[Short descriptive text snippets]

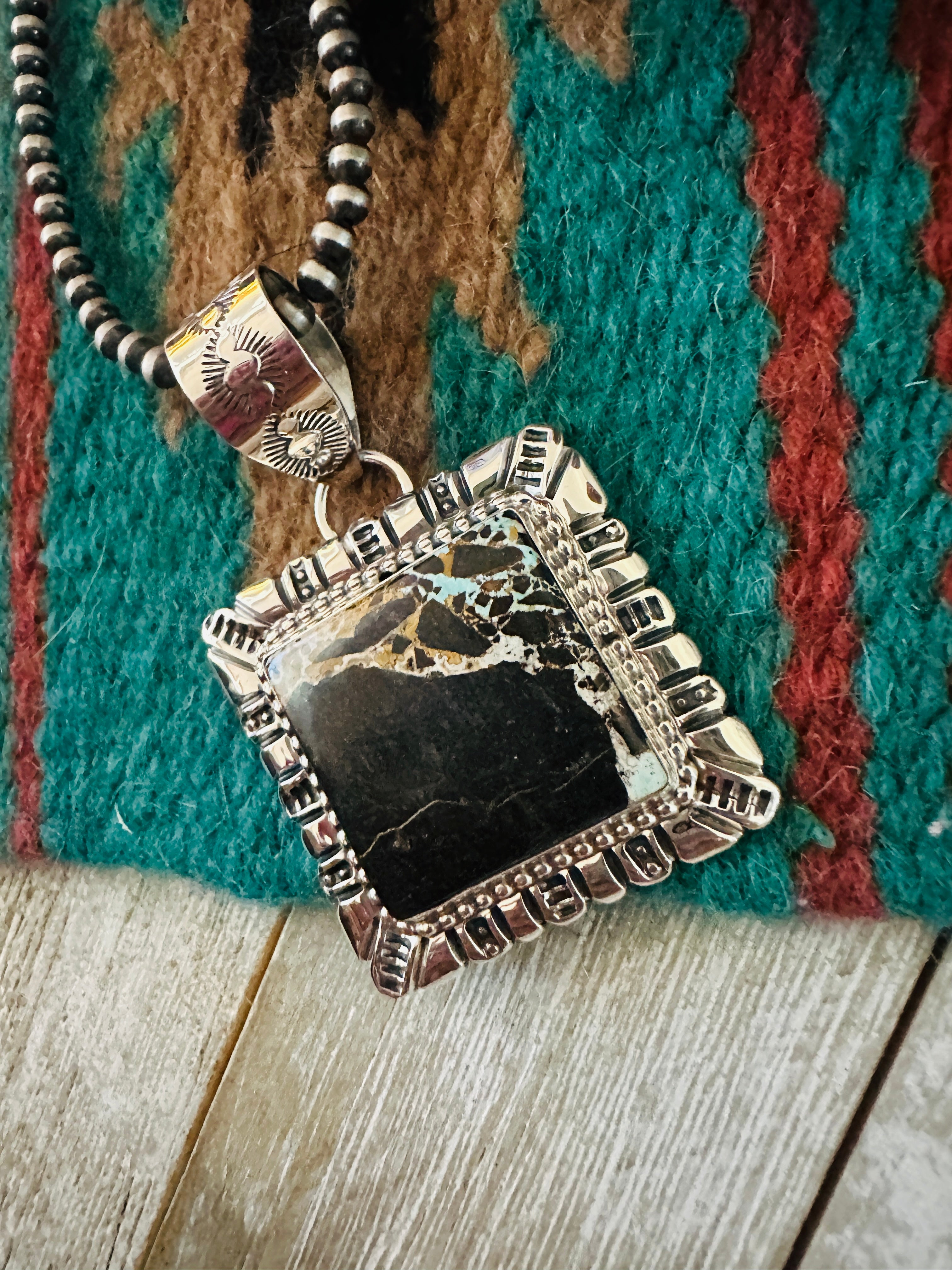 Handcrafted Blackjack Turquoise & Sterling Silver Pendant
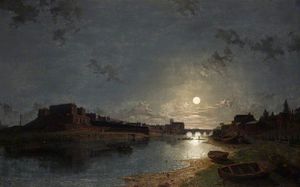Henry Pether - Chester Castle By Moonlight
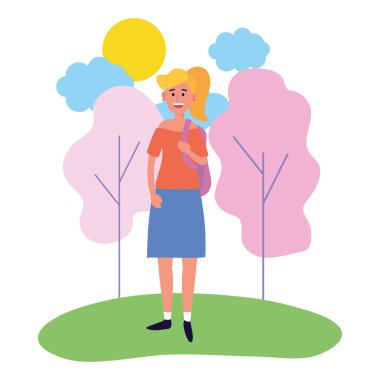 mutlu kadın karikatür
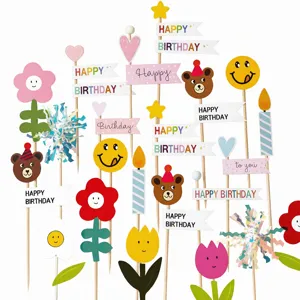 Set de adornos para tarta de cumpleaños con oso sonriente banderas fiesta infantil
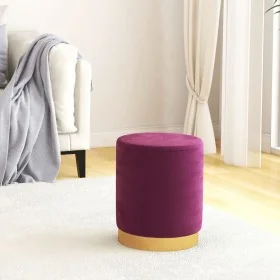 Taburete redondo con almacenaje terciopelo morado de , Taburetes y sillas plegables - Ref: Foro24-340288, Precio: 49,44 €, De...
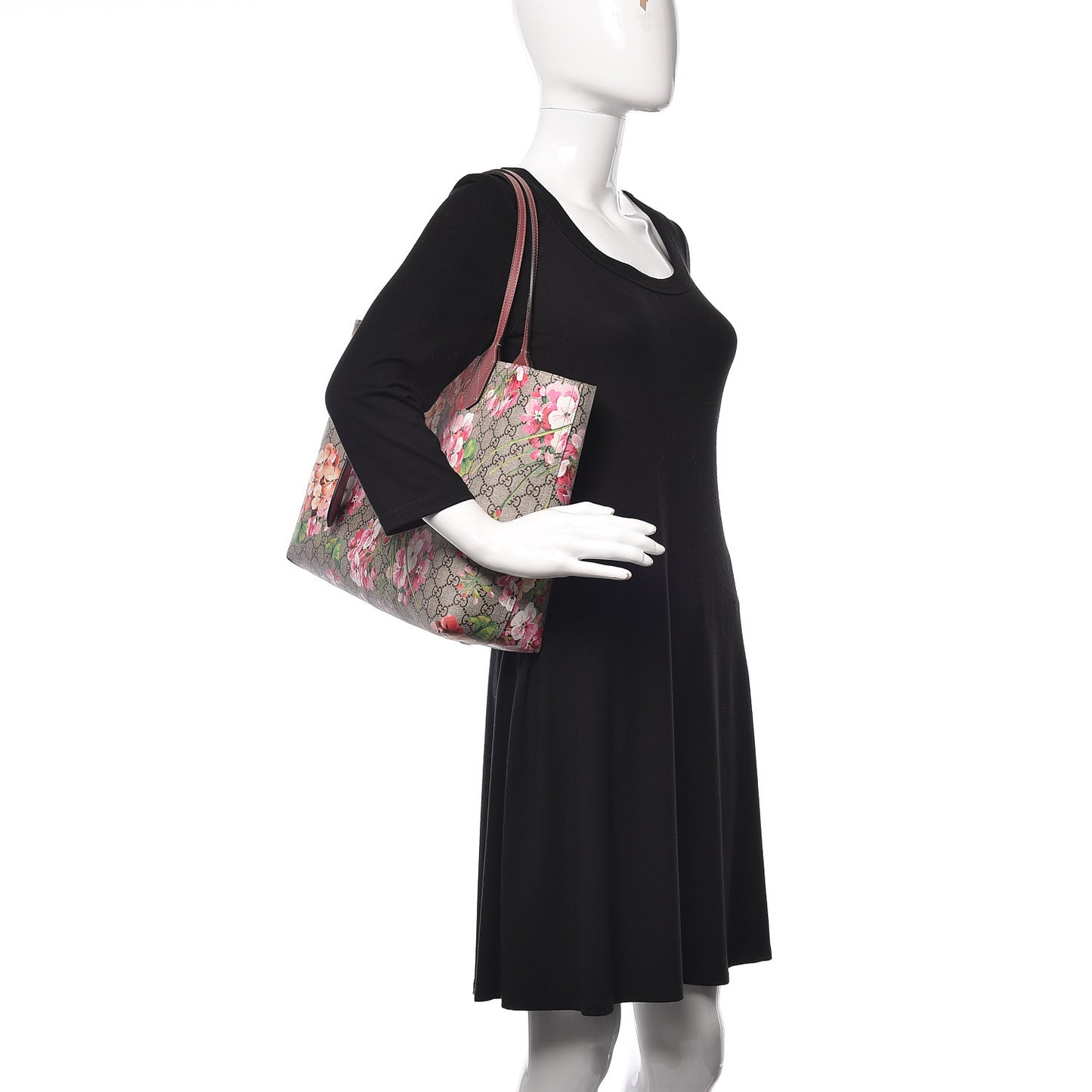 GG Supreme Monogram Blooms Medium Reversible Tote Beige Multicolor Dry Rose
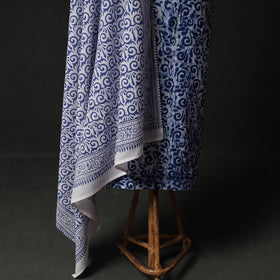 Hand Block Batik Print Cotton 2pc Unstitched Dress Material Kurta Set with Earrings 09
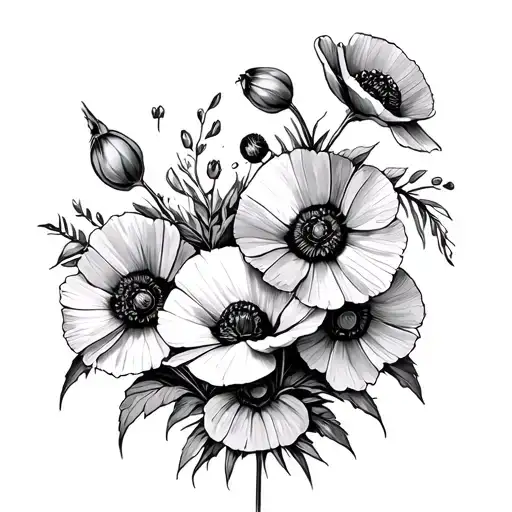 Cofee Plant And Poppy Bouquet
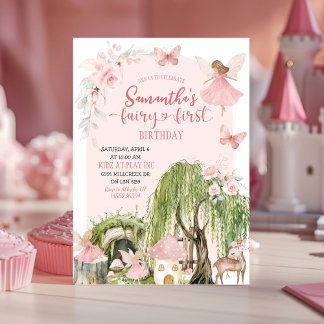Rosa verzauberter Wald Girl Fairy Erster Geburtsta Einladung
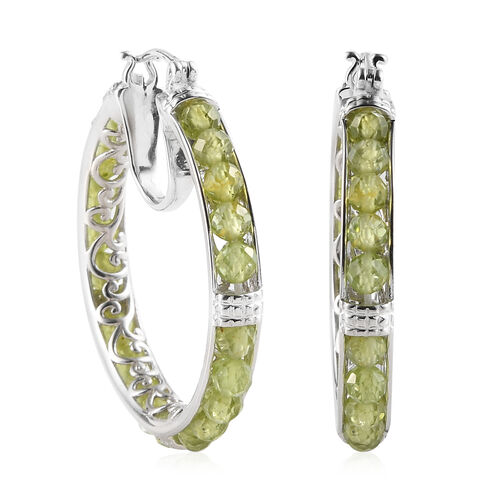 Natürliche Peridot-Creolen in Silberton, 22,00 ct. image number 0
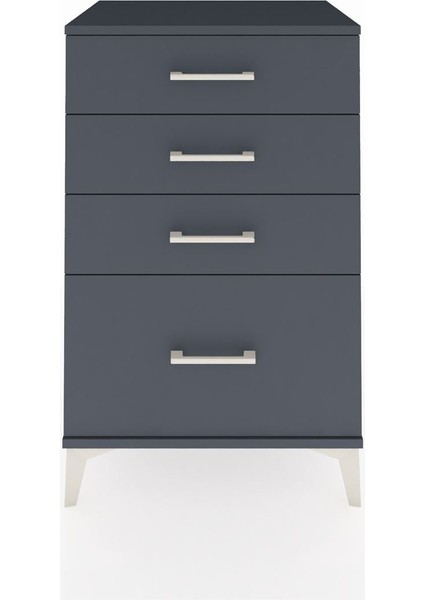 Hyperion Komodin 4 Çekmeceli 60X44X96 Antrasit-Antrasit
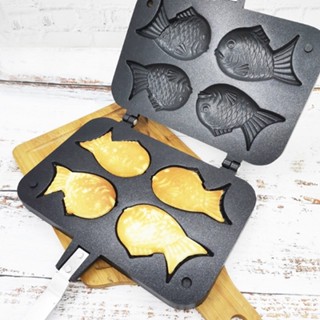 Khuôn Nướng Bánh Cá Taiyaki 4 Con, Chảo Nướng Bánh Đường Phố Giá Rẻ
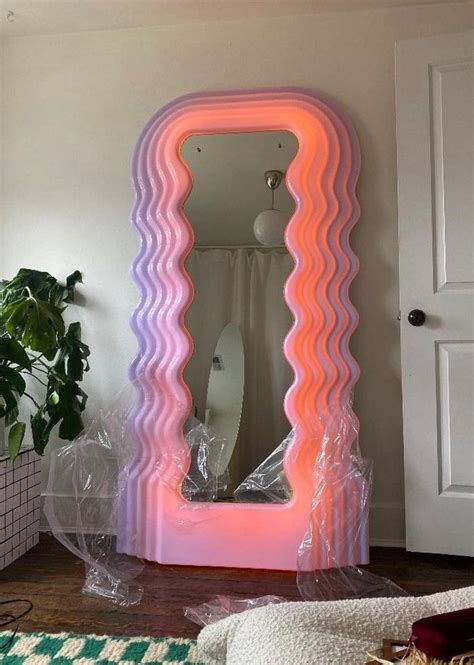 wavy pink mirror in the ultrafragola style etsy in 2021 pinterest
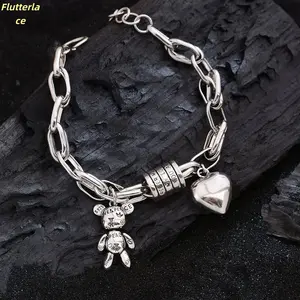 New Arrival Sweet Little Bear Charm Bracelet for Women – Silver-Plated 925 Sterling with Shiny Crystals, Cute Animal Jewelry Gift for Birthday, Anniversary, Party, Everyday Fashion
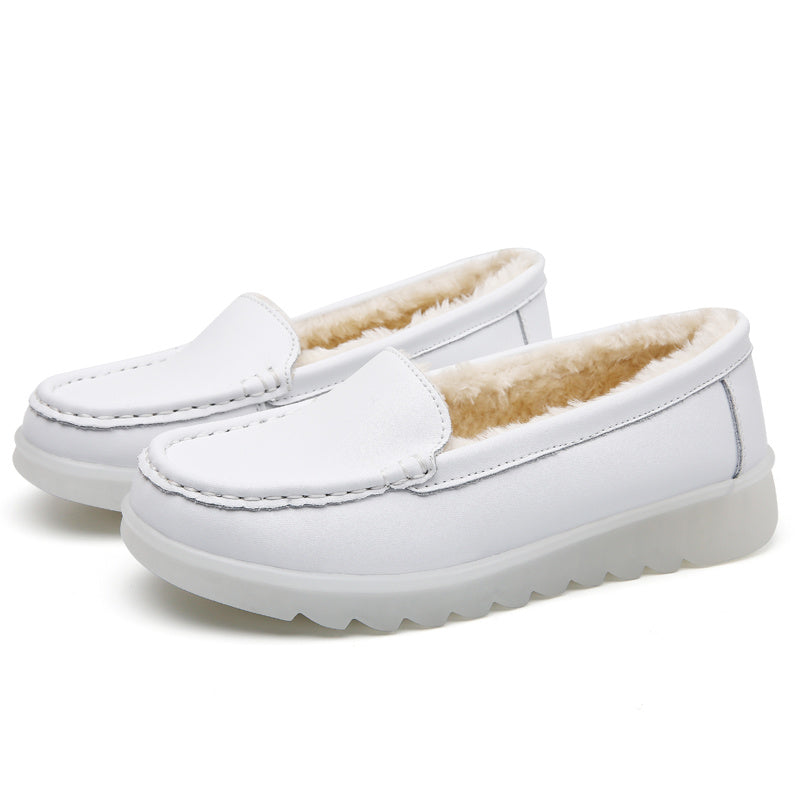 Genuine Leather Women's Casual Sneakers White Nurse Shoes Women's Hollow Loafers Ladies Lightweight Nursing Shoes Zapatos Mujer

**TASK TO COMPLETE**:
The answer must be the part of the records that opens with the line containing "Taburete redondo con" and closes with the line containing "Rosa verzauberter Wald", reproduced exactly, with no pictures.

**COMPLETED EXERCISE**:
 Taburete redondo con almacenaje terciopelo morado de , Taburetes y sillas plegables - Ref: Foro24-340288, Precio: 49,44 €, De...
 GG Supreme Monogram Blooms Medium Reversible Tote Beige Multicolor Dry Rose
 Hand Block Batik Print Cotton 2pc Unstitched Dress Material Kurta Set with Earrings 09
 Cofee Plant And Poppy Bouquet
Rosa verzauberter Wald Girl Fairy Erster Geburtsta Einladung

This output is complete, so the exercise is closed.